Élodie Gossuin n’est pas près d’oublier son séjour en famille à Dubaï, qui l’aura profondément marquée. Car l’ancienne reine de beauté venait tout juste de poser ses valises dans la cité du Golfe persique lorsqu’a éclaté le conflit iranien. Un voyage familial qui s’est transformé en une expérience aussi inattendue qu’angoissante pour Élodie Gossuin, comme en ont témoigné ses vidéos publiées sur les réseaux sociaux.
Pour rappel, le 28 février 2026, les États-Unis et Israël ont lancé une offensive militaire contre l’Iran, qui s’est empressé de riposter en bombardant plusieurs zones de la région, dont Dubaï. Réputée pour être le paradis des influenceurs, la ville a été touchée par plusieurs drones qui se sont écrasés près de l’aéroport ou à proximité du 23 Marina.
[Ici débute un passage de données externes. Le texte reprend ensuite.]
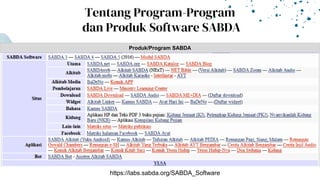 Training Software SABDA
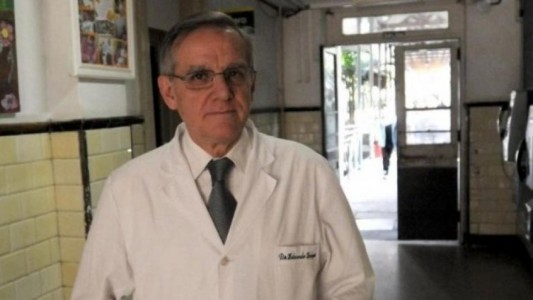 "Si ayer no fue el pico, creo que vamos en camino", consideró el infectólogo Eduardo López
Dans ses stories, Élodie Gossuin s’était affichée le visage défait et les yeux rougis, craignant le pire pour les siens. "Des missiles, des missiles interceptés, des frappes, des sortes de drones au-dessus, tu sais pas si ça va exploser. On est partis, j'ai emmené mes enfants et mon mari plus loin, en me disant que c'était plus loin des points stratégiques, des cibles potentielles", avait-elle raconté, en proie à la panique. Une prise de parole qui ne lui a, hélas, pas valu que des commentaires bienveillants.
Un rêve qui vire au cauchemar
Fort heureusement, toute la famille a finalement pu quitter les Émirats arabes unis en passant par Oman et a atterri en France le 4 mars dernier. Ce samedi 14 mars, Élodie Gossuin était l’invitée de l’émission Quelle époque !, sur France 2, à l'occasion de la sortie de son dernier ouvrage, baptisé Miss à nu.
Mais c'est finalement un tout autre sujet qui a été évoqué plus en profondeur sur le plateau : son séjour cauchemardesque aux Émirats arabes unis, les critiques dont elle a fait l’objet ainsi que les séquelles psychologiques qui persistent malgré son retour dans l’Hexagone.
J’ai croisé beaucoup de mamans, j'ai discuté avec beaucoup de parents qui me disaient : "Souris pour les enfants, rassure-les !" J'étais incapable de faire ça.
Se remémorant ce moment précis où elle a pris conscience de l'ampleur du danger. Et d'ajouter, sans se ménager : "J’étais une très mauvaise mère !" Une auto-critique plutôt sévère, quand on sait qu’elle a tout mis en œuvre pour mettre les membres de sa famille en sécurité. "Quelle bonne idée j'ai eu d'emmener mes enfants là-bas, vraiment c'était l'idée de l’année", a-t-elle ironisé, alors qu’elle n’a voulu qu’exaucer "le rêve" de sa progéniture.
Un suivi nécessaire ?
De retour en France, Élodie Gossuin avait donné de ses nouvelles sur la Toile et quelque peu relativisé son expérience, rappelant qu'elle ne pouvait en aucun cas être comparée à celle des populations du Moyen-Orient confrontées quotidiennement à la guerre depuis des années. Ce qui n’a pas empêché certains internautes de vivement la critiquer : "J’ai entendu dire que j'étais exilée fiscale à Dubaï, des trucs comme ça", s'est-elle étonnée.
La maman de Jules, Rose, Léonard et Joséphine a d’ailleurs tenu à répondre à Vincent Moscato, qui s'était moqué des personnalités publiques ayant fait part de leur angoisse :
Tant mieux s'il le vit bien. Lui peut bien le vivre et moi, j'ai le droit d'avoir eu peur en fait. J'aurais adoré être drôle comme lui, ben non. Je n'ai juste pas dormi, j'ai flippé. J'en ai le droit aussi !
Malgré tout, Miss France 2001 n’est pas revenue indemne de son passage écourté à Dubaï.
Alors que Léa Salamé voulait savoir comment elle allait depuis son rapatriement, Élodie Gossuin a répondu sans détour, avouant être suivie par un professionnel de santé :
Je dors. Je parle beaucoup et j'ai commencé une thérapie et je me fais suivre, et ça me fait un bien fou.
Elle peut également compter sur son mari, Bertrand Lacherie, mais surtout sur ses enfants. L'ancienne Miss Picardie s’est d’ailleurs dite très impressionnée par la maturité dont a fait preuve son fils aîné, qui lui aurait lancé : "Bah voilà maman, c'est le monde qui s'offre à nous".
C'est ma plus belle leçon de géopolitique.
"Bah c'est génial. Et bravo", a conclu Léa Salamé.